In their report of the 31st of January, 1833, the New York Bank Commissioners urgently call the attention of the legislature to the serious dangers which may result from these institutions as they are now organized, particularly in the country, and to their excessive issues in proportion to the small quantity of specie in their vaults. With two millions in specie, the banks of the State had, at that time, a circulation of above twelve millions. But this report itself proves, that the commissioners did not dare to fulfil the duties imposed on them by the Safety-Fund act; they had the authority to shut up the offending banks. Their warnings have not prevented the legislature from chartering new banks by the dozen. This year it will have to act on 105 petitions for charters, that is, eighteen more than the actual number of banks in the State. To be sure in the present instance, the let alone principle will probably be violated, for the Governor's Message of January 7, 1834, urges the two houses to arrest the flood. This Bank mania, as Jefferson called it, is created by the profits of banking, which is, and more especially was, before the institution of the Bank of the United States, the best kind of speculation, exactly in the ratio of the abuses attending it.[L]
In the local banks, especially in the country banks, the chief aim of the president and directors is, at all events, come what may, to make the semi-annual dividend as large as possible. By extending their operations excessively, they may, if they lose the public confidence, be driven to a failure; but in the United States the prospect of such a disaster is much less terrible to the greater number of merchants, and even to the smaller companies, than it is in Europe. (See Note 7, at the end of the volume.) When a bank fails, there is, indeed, a great outcry, because the number of victims is large, and the loss extends to all classes; for most of the bills being of the denomination of five dollars and under, they are very generally distributed in the hands of the labourers, as well as of the wealthier classes. But just in proportion to the distribution of the loss over the greater number of persons, is the quickness with which the clamor ceases. The president, the cashier, the directors, and others principally interested, readily find means to recover from the blow, by obtaining credit elsewhere, and the whole affair is at an end.

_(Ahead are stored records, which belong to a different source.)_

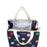 Kate Spade Lunch Bag - Spade Smiley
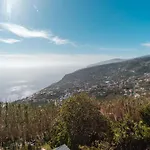 度假居 Guestready - Peaceful Paradise In Madeira 阿科达卡列塔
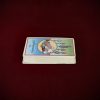 Divination_Medicine-Cards-Carson+Sams-web (6)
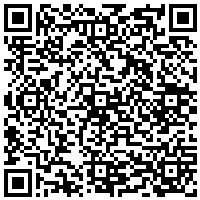 QR Code for bitcoin:bitcoin:bitcoin:bitcoin:bitcoin:bitcoin:bitcoin:bitcoin:bitcoin:bitcoin:bitcoin:bitcoin:dogecoin:DCK4dUQcFxLLL3m3z5RTTXcaTb2Q7QpxFg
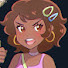 wCJBXWw6KZ8-channel-avatar-ChattyMia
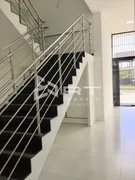 Conjunto Comercial / Sala para alugar, 55m² no Salto Norte, Blumenau - Foto 5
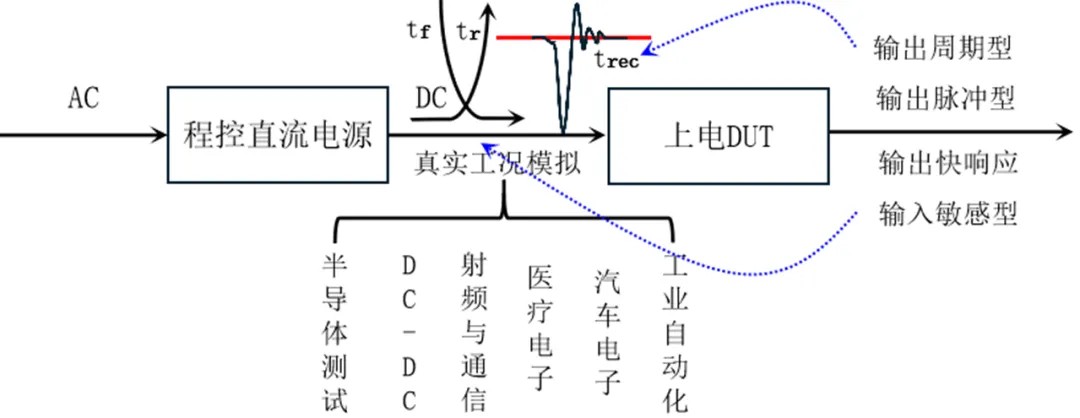 1766633939693590.jpg 1.jpg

The Bank of the United States, on the contrary, directed by men of large fortune and established reputation, connected in business with the principal houses in Europe, charged with a vast responsibility, subject to the supervision of the Federal government, which names five of the directors out of twentyfive, and officiously watched by an army of journalists, is interested and obliged to follow another course. Not that it has not committed some errors; but it paid dear for them, and has never repeated them. Neither are its rules and regulations perfect; the experience of twenty years will doubtless suggest some modifications. But even its adversaries admit that it has been admirably managed. They pretended, at first, that the public money was not safe in its vaults, but they are at present ashamed to insist upon this point, as the investigation made by the House of Representatives proved the absurdity of the charge. The accusations now brought against it are of a political character.